Filter the entries, keeping every line with the string "Ford".

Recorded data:
▬▬▬
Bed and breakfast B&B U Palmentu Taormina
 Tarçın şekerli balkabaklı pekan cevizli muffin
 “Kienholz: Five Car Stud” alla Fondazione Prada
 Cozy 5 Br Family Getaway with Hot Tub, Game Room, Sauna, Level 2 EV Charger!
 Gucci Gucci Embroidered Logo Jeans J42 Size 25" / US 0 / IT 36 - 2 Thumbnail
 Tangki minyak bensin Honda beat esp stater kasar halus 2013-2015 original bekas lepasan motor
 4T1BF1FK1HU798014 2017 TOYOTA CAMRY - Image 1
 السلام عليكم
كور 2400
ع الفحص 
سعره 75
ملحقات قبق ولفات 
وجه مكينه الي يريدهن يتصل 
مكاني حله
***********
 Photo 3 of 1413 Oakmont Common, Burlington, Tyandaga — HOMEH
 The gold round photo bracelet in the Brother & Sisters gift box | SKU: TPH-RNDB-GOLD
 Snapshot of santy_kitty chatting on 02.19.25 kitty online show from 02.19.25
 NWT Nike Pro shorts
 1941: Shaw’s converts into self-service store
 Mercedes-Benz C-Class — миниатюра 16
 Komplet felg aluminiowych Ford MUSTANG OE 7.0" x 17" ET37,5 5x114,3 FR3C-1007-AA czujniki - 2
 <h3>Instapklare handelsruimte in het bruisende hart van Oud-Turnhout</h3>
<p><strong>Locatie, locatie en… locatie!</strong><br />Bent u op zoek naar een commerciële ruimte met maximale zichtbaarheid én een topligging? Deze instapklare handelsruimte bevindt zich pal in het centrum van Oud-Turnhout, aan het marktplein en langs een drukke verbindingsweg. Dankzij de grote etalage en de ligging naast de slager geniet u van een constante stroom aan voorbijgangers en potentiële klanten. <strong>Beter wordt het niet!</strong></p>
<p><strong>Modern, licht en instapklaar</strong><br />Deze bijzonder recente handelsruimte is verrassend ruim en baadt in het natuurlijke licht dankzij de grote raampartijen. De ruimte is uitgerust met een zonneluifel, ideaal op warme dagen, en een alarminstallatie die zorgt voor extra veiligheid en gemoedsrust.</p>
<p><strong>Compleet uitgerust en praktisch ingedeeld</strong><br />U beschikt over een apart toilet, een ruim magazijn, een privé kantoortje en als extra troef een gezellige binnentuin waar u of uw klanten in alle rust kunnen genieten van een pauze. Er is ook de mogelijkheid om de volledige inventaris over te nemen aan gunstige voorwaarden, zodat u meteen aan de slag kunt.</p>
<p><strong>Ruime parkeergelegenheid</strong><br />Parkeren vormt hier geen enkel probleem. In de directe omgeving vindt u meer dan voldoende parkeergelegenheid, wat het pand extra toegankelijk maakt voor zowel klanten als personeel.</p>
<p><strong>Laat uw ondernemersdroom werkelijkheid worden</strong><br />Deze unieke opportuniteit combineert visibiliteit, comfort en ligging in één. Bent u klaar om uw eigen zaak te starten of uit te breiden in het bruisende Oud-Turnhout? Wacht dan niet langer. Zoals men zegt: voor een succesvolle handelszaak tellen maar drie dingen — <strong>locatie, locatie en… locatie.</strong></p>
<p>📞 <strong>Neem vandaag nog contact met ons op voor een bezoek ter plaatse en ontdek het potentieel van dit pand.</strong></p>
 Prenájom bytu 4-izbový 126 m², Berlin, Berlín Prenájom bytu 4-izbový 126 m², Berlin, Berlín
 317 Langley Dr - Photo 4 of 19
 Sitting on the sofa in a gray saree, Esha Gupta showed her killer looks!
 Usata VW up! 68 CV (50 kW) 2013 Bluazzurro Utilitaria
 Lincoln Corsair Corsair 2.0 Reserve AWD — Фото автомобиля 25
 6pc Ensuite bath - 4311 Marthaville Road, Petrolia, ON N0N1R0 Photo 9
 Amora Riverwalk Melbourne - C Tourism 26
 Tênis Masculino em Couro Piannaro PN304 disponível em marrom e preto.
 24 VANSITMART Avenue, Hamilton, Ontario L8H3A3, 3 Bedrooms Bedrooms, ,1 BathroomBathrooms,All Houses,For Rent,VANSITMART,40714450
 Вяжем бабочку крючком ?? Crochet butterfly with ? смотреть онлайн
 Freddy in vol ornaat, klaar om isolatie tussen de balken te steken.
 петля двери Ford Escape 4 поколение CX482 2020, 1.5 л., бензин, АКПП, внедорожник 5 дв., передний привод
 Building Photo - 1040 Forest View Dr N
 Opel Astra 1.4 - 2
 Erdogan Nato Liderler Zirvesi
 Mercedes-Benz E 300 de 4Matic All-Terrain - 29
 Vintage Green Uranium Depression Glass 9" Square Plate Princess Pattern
▬▬▬
Written answer:
 Komplet felg aluminiowych Ford MUSTANG OE 7.0" x 17" ET37,5 5x114,3 FR3C-1007-AA czujniki - 2
 петля двери Ford Escape 4 поколение CX482 2020, 1.5 л., бензин, АКПП, внедорожник 5 дв., передний привод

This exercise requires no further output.